El trastorno bipolar no solo afecta las emociones, sino que también ejerce una influencia considerable en las funciones cognitivas. A menudo, las dificultades en la memoria, la atención y la toma de decisiones pasan desapercibidas, considerándose efectos secundarios menores. Sin embargo, investigaciones recientes demuestran que estos cambios cognitivos son una parte intrínseca del cuadro clínico, manifestándose incluso en periodos de estabilidad emocional.
El trastorno bipolar se caracteriza por fluctuaciones extremas en el estado de ánimo, abarcando episodios maníacos o hipomaníacos y depresivos. Estas variaciones impactan profundamente la vida diaria de quienes lo padecen, afectando su desempeño laboral, relaciones interpersonales y capacidad para gestionar tareas cotidianas y tomar decisiones. Es crucial entender que sus efectos no se limitan a las crisis emocionales; las alteraciones cognitivas pueden persistir, impactando la forma en que se procesa la información y se mantienen las capacidades mentales.
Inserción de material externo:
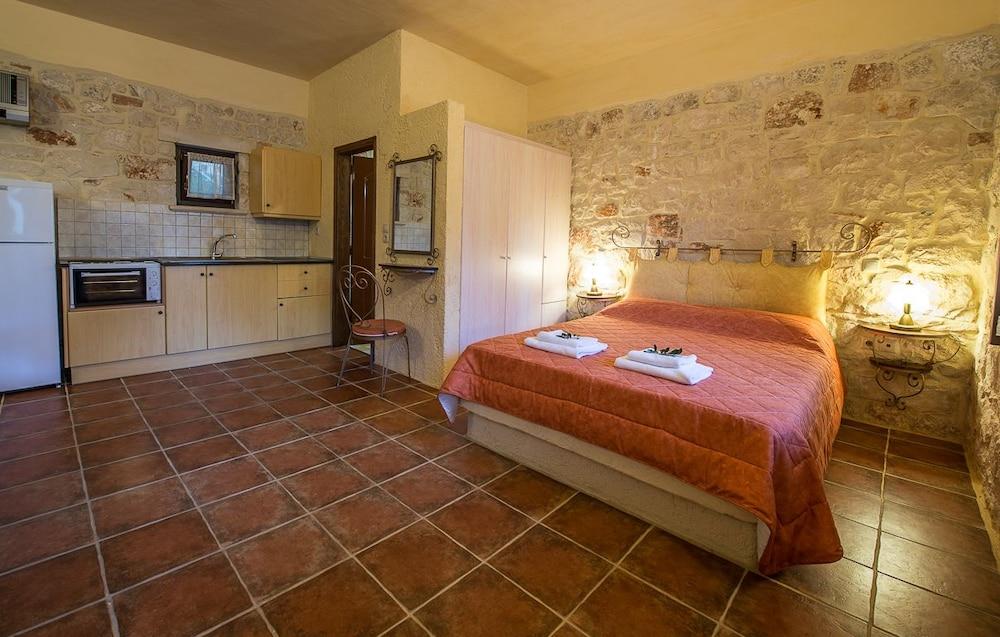 Dantes Maisonettes Apartment Alykanas (Zakynthos)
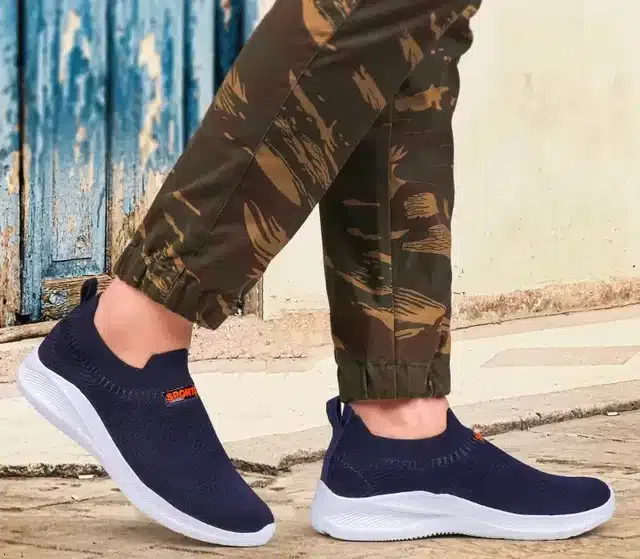 Sports Shoes for Men (Blue, 7)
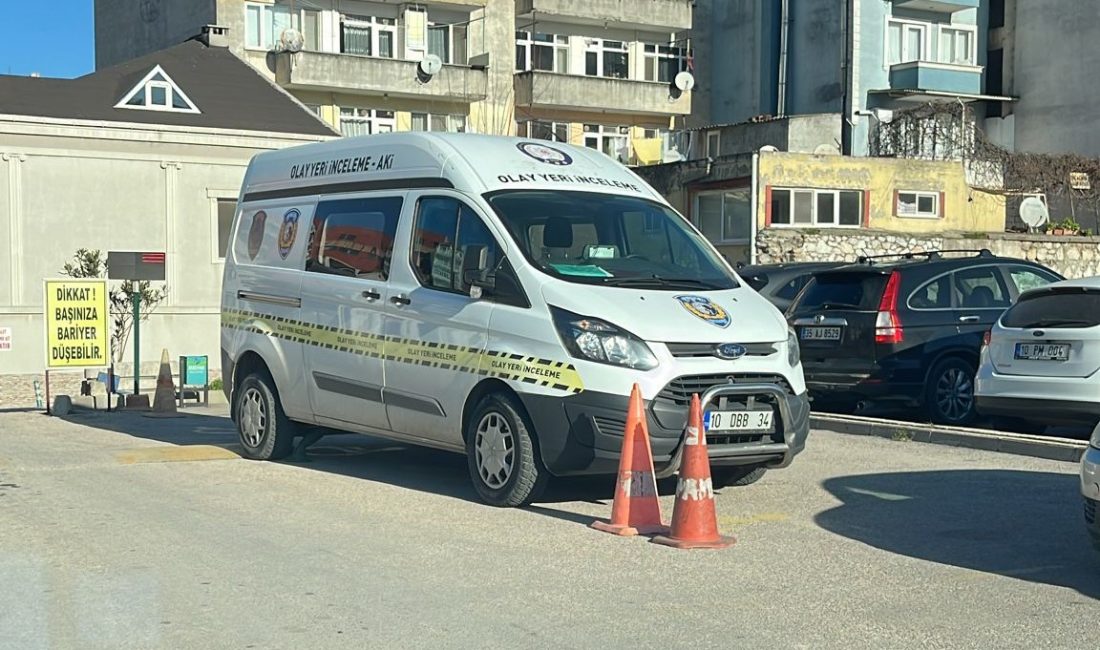 Bandırmaspor otoparkını soyan hırsızlar yakalandı Perşembe gece yarısı Cinçukurunda bulunan Bandırmaspor Otoparkı gişesinin camını kırarak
Estudios científicos han revelado que entre el 40% y el 60% de las personas con trastorno bipolar experimentan algún grado de deterioro cognitivo, incluso en fases de eutimia, es decir, cuando el ánimo está estable. Funciones como la atención, la velocidad de procesamiento y la memoria de trabajo pueden deteriorarse con el tiempo, a un ritmo más acelerado que en la población general. La memoria verbal, por ejemplo, suele verse afectada desde las primeras etapas, dificultando la retención de información. En contraste, la cognición social y la memoria visoespacial tienden a seguir patrones de envejecimiento similares a los de individuos sin la condición.
En la vida diaria, la atención es particularmente vulnerable. Durante la manía, el pensamiento acelerado puede llevar a la dispersión, mientras que en otros momentos, se observa una concentración inflexible en un solo estímulo. La memoria verbal no siempre implica olvidar completamente, sino una incapacidad para registrar correctamente la información inicial. Además, la velocidad de procesamiento se reduce, lo que puede generar incomodidad en situaciones que demandan agilidad mental.
Varios factores contribuyen al deterioro cognitivo. La frecuencia y severidad de los episodios, especialmente aquellos con síntomas psicóticos o que requieren hospitalización, se correlacionan con mayores dificultades en las funciones ejecutivas y la atención. El estilo de vida también es relevante; la falta de sueño, el estrés crónico y el sedentarismo afectan la plasticidad cerebral. Factores metabólicos como la obesidad, hipertensión y niveles altos de triglicéridos pueden empeorar el rendimiento cognitivo. En cuanto a los tratamientos, algunos fármacos pueden causar sedación, mientras que otros, como el litio, pueden ofrecer un efecto neuroprotector dentro de los rangos terapéuticos adecuados.
Para abordar estas dificultades cognitivas, es fundamental prestarles una atención específica. La rehabilitación cognitiva, que implica ejercicios guiados y repetitivos, busca fortalecer funciones como la atención y la memoria, ayudando a la mente a responder de manera más eficiente dentro de sus capacidades actuales. Las estrategias de compensación, como el uso de recordatorios, agendas y rutinas claras, reducen la carga mental y permiten enfocar la energía en lo esencial. Adaptar el entorno, minimizando distracciones y simplificando tareas, también facilita el flujo de pensamiento y reduce el esfuerzo mental. Finalmente, comunicar estas dificultades a las personas cercanas ayuda a prevenir malentendidos, fomentando un ambiente de comprensión y apoyo. Al reconocer y abordar la dimensión cognitiva del trastorno bipolar, se abren nuevas vías para mejorar la calidad de vida y el bienestar de las personas afectadas.